DIRECTIONS FOR THIS TASK: Give back exactly the lines that run from the beginning of the entries to the line containing "밤도깨비 야시장’ 개장", both included, and nothing else.

Records excerpted from a collection:
• • • • •

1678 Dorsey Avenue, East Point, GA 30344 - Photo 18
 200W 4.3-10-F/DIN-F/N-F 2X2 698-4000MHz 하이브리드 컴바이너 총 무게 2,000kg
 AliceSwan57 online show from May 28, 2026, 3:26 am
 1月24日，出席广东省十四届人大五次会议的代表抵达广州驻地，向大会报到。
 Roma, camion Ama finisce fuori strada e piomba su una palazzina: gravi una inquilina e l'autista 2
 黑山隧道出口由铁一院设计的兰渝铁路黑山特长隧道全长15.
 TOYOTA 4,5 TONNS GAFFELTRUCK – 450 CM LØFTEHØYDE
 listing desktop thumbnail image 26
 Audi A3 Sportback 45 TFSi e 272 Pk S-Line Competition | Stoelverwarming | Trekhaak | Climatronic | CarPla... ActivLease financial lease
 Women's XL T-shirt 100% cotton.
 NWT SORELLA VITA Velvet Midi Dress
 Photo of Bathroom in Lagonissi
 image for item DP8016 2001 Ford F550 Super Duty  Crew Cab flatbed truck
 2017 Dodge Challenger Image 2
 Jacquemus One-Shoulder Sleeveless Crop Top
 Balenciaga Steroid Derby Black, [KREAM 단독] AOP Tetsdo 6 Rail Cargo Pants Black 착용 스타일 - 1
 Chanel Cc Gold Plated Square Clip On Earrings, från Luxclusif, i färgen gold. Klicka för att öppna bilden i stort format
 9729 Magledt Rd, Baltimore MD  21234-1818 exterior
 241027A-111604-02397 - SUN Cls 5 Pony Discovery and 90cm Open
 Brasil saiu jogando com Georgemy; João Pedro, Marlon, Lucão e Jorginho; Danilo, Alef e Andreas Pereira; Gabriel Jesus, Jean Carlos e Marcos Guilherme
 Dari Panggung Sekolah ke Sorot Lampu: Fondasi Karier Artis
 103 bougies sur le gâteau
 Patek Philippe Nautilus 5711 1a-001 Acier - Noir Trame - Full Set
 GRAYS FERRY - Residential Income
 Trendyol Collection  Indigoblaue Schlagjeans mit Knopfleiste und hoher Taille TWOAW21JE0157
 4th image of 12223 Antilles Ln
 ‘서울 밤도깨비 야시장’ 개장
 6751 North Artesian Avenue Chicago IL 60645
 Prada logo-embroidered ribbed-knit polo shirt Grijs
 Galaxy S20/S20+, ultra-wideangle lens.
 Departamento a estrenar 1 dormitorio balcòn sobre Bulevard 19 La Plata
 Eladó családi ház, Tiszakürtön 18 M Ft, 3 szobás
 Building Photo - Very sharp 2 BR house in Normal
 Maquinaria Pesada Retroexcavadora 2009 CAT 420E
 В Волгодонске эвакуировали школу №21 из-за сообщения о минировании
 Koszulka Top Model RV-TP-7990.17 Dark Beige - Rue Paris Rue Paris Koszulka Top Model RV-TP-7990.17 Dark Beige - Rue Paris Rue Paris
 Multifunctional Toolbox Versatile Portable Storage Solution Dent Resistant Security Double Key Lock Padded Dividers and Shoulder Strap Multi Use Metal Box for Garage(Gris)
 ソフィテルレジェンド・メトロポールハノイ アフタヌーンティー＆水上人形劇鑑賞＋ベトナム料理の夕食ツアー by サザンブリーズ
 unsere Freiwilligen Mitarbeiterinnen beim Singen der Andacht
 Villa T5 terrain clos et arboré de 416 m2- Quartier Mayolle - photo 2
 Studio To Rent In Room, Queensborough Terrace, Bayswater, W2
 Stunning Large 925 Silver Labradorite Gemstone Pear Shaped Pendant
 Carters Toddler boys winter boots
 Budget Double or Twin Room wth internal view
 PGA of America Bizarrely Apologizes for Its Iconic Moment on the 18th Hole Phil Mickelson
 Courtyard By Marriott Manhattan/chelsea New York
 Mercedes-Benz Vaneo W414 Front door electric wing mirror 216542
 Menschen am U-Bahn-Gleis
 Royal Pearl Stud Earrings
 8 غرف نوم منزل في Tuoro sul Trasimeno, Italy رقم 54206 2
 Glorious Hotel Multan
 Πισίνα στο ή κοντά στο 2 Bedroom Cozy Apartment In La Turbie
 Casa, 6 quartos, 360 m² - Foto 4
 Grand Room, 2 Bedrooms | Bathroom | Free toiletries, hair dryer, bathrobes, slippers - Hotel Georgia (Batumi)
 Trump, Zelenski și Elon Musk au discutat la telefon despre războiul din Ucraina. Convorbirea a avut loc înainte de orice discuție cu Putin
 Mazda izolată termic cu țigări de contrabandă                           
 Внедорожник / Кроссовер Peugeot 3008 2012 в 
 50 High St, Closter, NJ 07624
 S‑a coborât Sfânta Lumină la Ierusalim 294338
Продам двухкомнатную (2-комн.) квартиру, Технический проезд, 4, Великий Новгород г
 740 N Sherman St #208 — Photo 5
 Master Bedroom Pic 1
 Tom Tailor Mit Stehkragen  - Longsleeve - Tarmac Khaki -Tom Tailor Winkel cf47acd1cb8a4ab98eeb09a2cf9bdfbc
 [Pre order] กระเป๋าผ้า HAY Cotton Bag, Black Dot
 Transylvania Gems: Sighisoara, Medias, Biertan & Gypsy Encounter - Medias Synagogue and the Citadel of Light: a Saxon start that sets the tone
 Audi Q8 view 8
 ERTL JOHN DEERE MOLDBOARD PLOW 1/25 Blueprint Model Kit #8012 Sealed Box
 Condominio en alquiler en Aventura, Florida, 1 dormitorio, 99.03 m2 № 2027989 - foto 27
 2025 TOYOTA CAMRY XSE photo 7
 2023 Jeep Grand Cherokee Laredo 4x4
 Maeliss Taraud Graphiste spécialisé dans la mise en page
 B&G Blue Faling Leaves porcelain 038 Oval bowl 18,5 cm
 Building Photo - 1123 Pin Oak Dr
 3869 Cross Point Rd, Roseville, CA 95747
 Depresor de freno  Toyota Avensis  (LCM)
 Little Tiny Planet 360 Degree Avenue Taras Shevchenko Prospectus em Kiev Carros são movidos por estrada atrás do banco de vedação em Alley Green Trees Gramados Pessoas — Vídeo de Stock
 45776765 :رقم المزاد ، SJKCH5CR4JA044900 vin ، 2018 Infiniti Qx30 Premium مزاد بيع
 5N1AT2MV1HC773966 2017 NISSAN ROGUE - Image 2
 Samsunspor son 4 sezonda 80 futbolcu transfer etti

• • • • •

YOUR RESPONSE:
1678 Dorsey Avenue, East Point, GA 30344 - Photo 18
 200W 4.3-10-F/DIN-F/N-F 2X2 698-4000MHz 하이브리드 컴바이너 총 무게 2,000kg
 AliceSwan57 online show from May 28, 2026, 3:26 am
 1月24日，出席广东省十四届人大五次会议的代表抵达广州驻地，向大会报到。
 Roma, camion Ama finisce fuori strada e piomba su una palazzina: gravi una inquilina e l'autista 2
 黑山隧道出口由铁一院设计的兰渝铁路黑山特长隧道全长15.
 TOYOTA 4,5 TONNS GAFFELTRUCK – 450 CM LØFTEHØYDE
 listing desktop thumbnail image 26
 Audi A3 Sportback 45 TFSi e 272 Pk S-Line Competition | Stoelverwarming | Trekhaak | Climatronic | CarPla... ActivLease financial lease
 Women's XL T-shirt 100% cotton.
 NWT SORELLA VITA Velvet Midi Dress
 Photo of Bathroom in Lagonissi
 image for item DP8016 2001 Ford F550 Super Duty  Crew Cab flatbed truck
 2017 Dodge Challenger Image 2
 Jacquemus One-Shoulder Sleeveless Crop Top
 Balenciaga Steroid Derby Black, [KREAM 단독] AOP Tetsdo 6 Rail Cargo Pants Black 착용 스타일 - 1
 Chanel Cc Gold Plated Square Clip On Earrings, från Luxclusif, i färgen gold. Klicka för att öppna bilden i stort format
 9729 Magledt Rd, Baltimore MD  21234-1818 exterior
 241027A-111604-02397 - SUN Cls 5 Pony Discovery and 90cm Open
 Brasil saiu jogando com Georgemy; João Pedro, Marlon, Lucão e Jorginho; Danilo, Alef e Andreas Pereira; Gabriel Jesus, Jean Carlos e Marcos Guilherme
 Dari Panggung Sekolah ke Sorot Lampu: Fondasi Karier Artis
 103 bougies sur le gâteau
 Patek Philippe Nautilus 5711 1a-001 Acier - Noir Trame - Full Set
 GRAYS FERRY - Residential Income
 Trendyol Collection  Indigoblaue Schlagjeans mit Knopfleiste und hoher Taille TWOAW21JE0157
 4th image of 12223 Antilles Ln
 ‘서울 밤도깨비 야시장’ 개장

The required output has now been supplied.